** Opening DATA LISTING block **

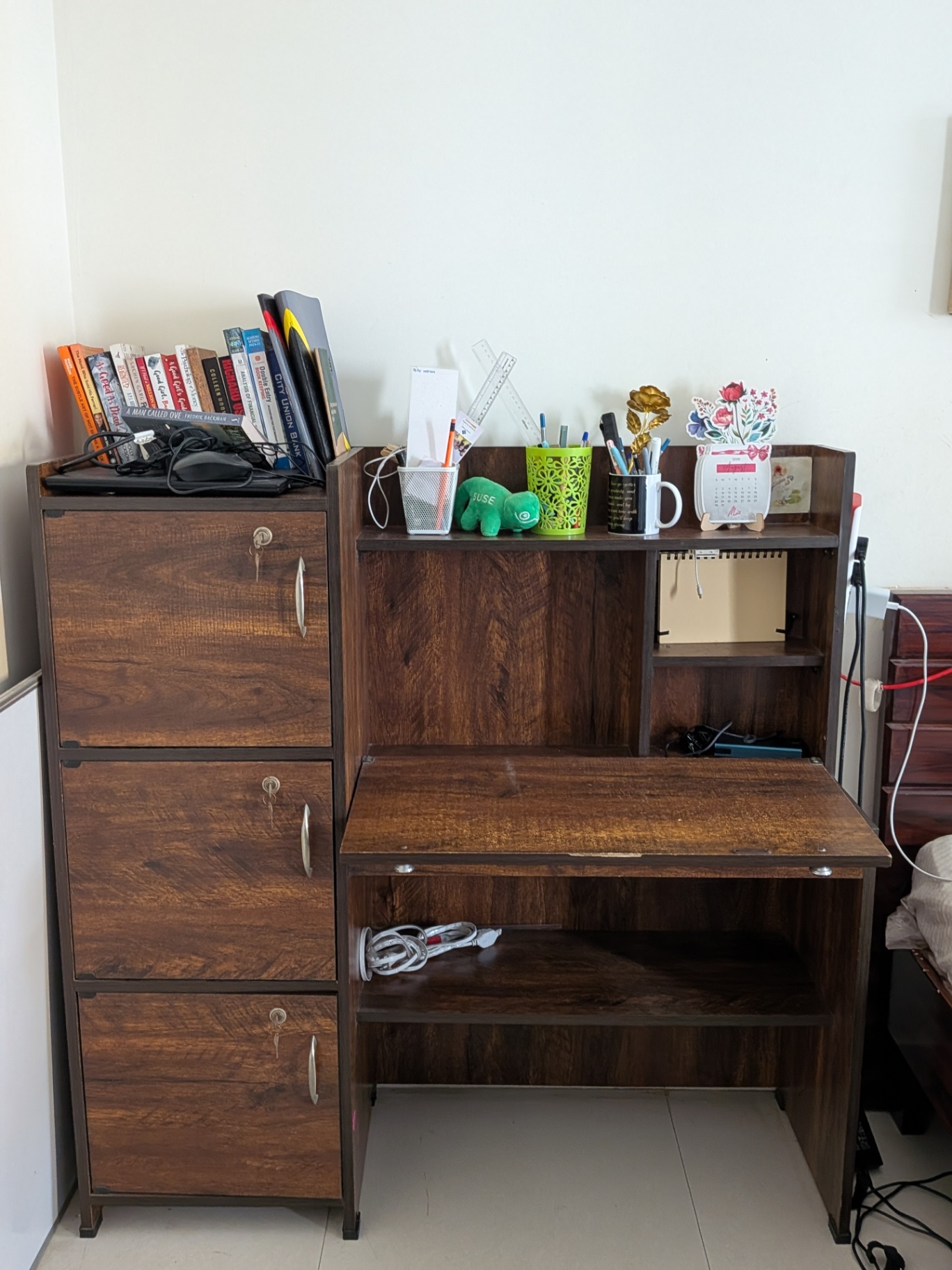 Study Table in mint condition - Image 2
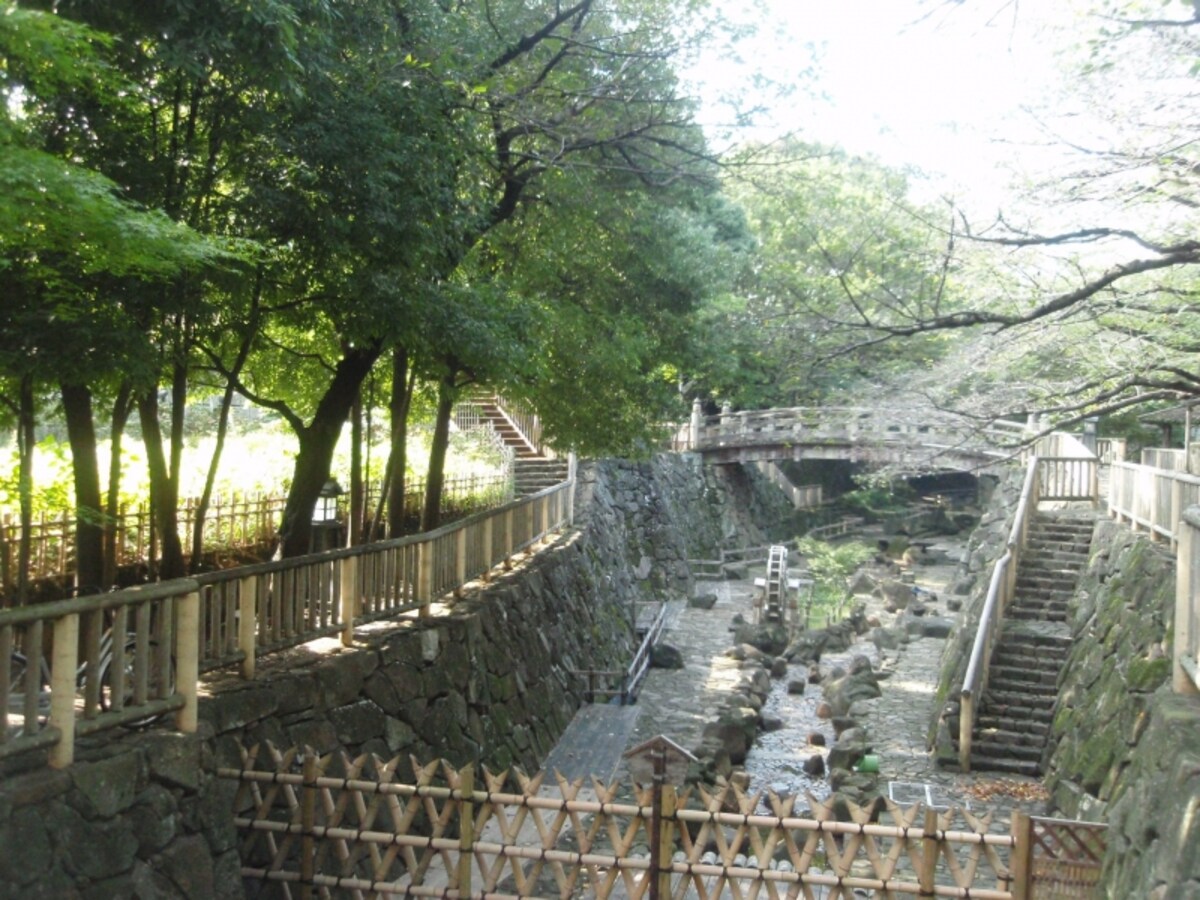 日本の都市公園100選にも選ばれている「音無川親水公園」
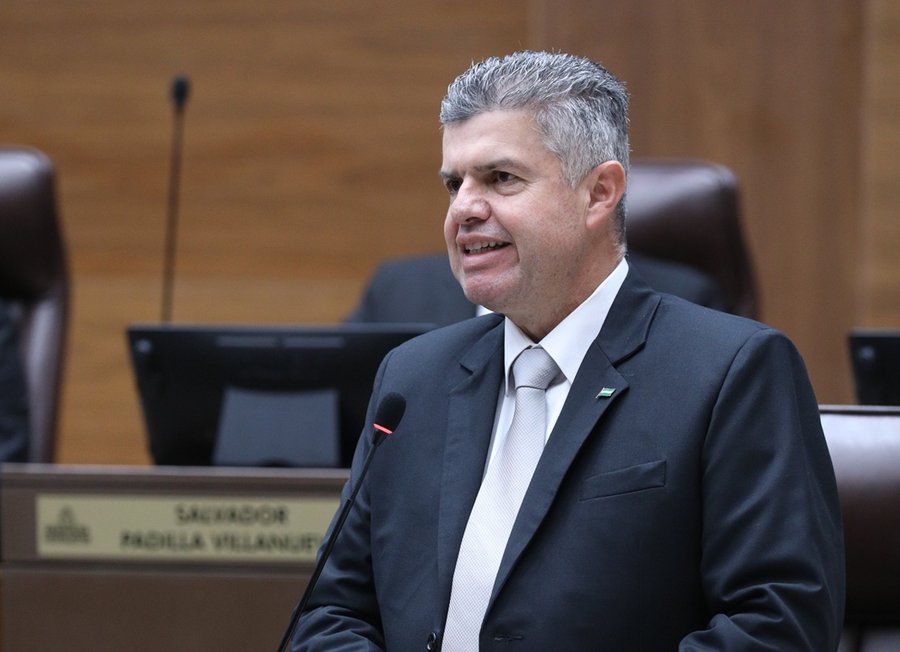 Álvaro Ramírez insta a desterrar la “política tóxica” de la Asamblea Legislativa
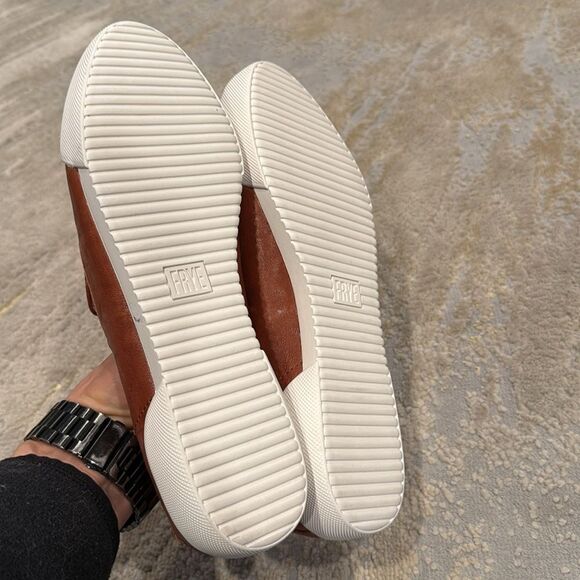 Frye
Mia Leather Slip-On Platform Sneakers white brown size 9 new without tags - Picture 5 of 5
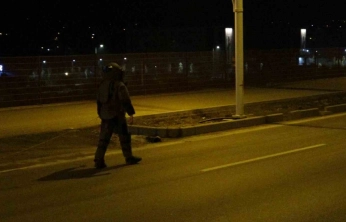 Şüpheli çanta fünye ile patlatıldı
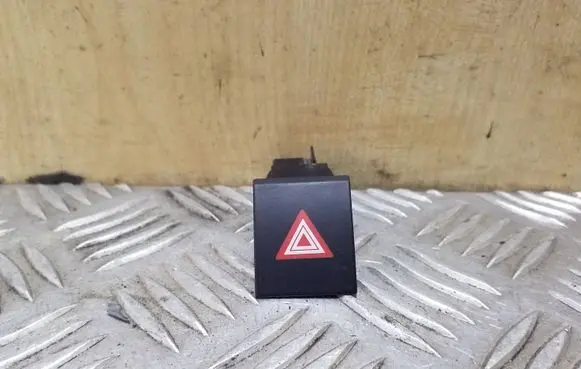 Skoda Fabia Mk2 (5J) Hazard light switch 5J0953235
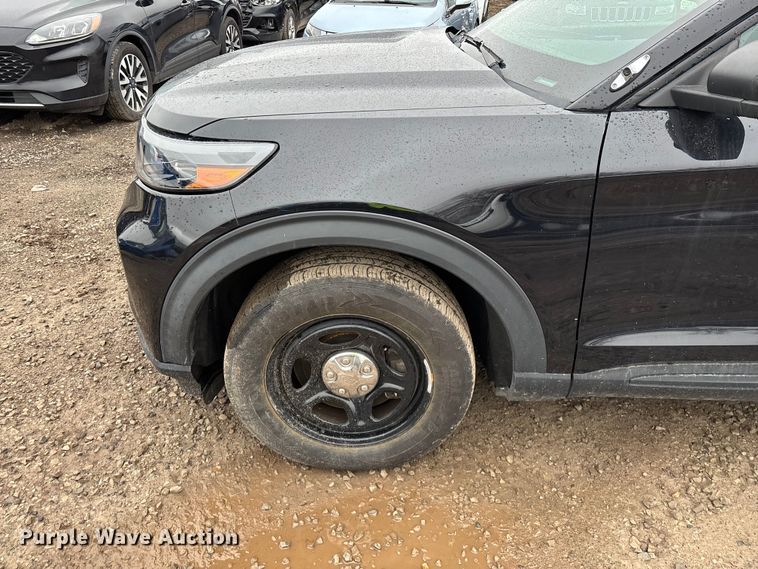 image for item YA2965 2020 Ford Explorer Police Interceptor SUV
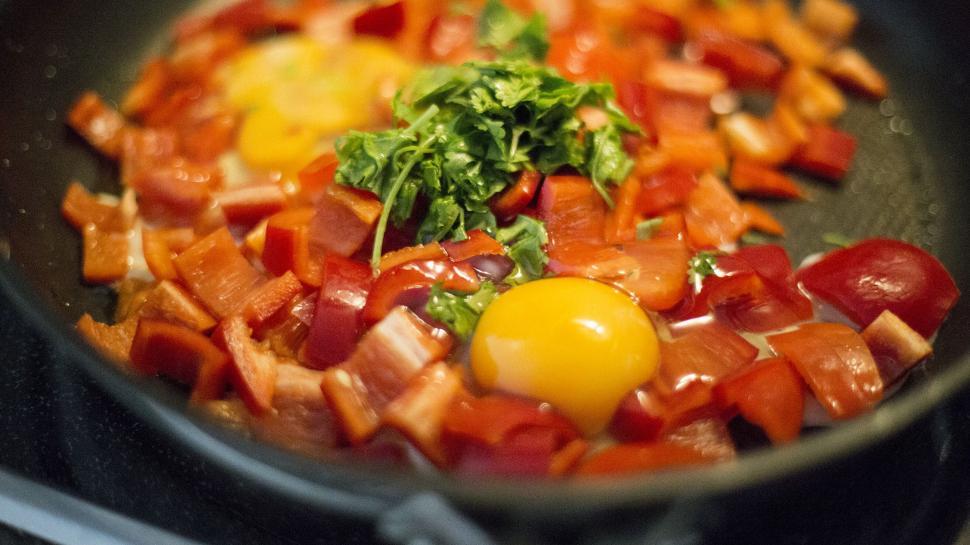 Free Image of Cooking eggs and vegetables in skillet 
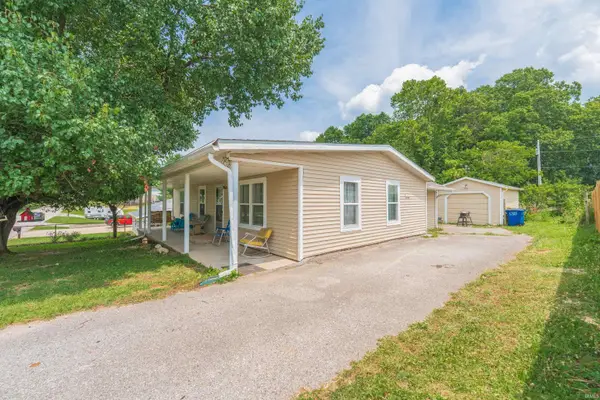1330 Hillcrest Road, Bedford, IN 47421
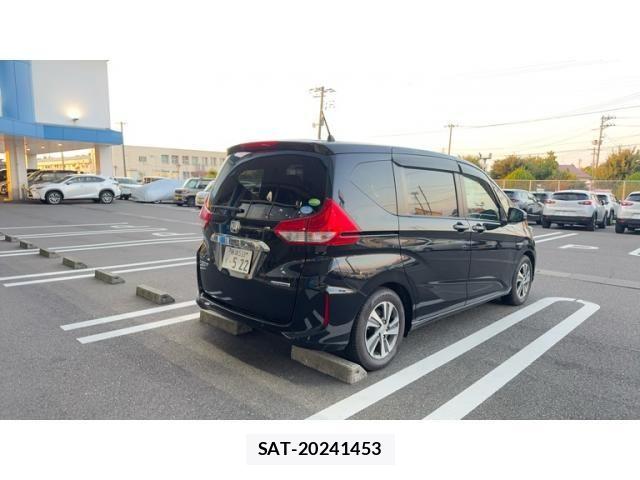 Honda FREED HYBRID 2020-04 8371683-1
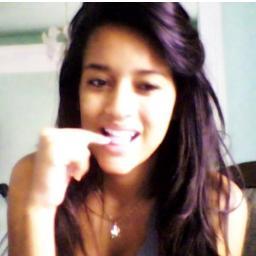 eu:  Policia , socorro tem gente me seguindo
190:  A onde você ta 
eu : noo twitter kkkkkk'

** Closing DATA LISTING block **

ABOUT THIS TASK
Transcribe every line from the one containing "1330 Hillcrest Road, Bedford, IN 47421" to the end of the listing, exactly and exclusively. Do not carry any picture over.

TASK SOLUTION
1330 Hillcrest Road, Bedford, IN 47421
 Honda FREED HYBRID 2020-04 8371683-1
 eu:  Policia , socorro tem gente me seguindo
190:  A onde você ta 
eu : noo twitter kkkkkk'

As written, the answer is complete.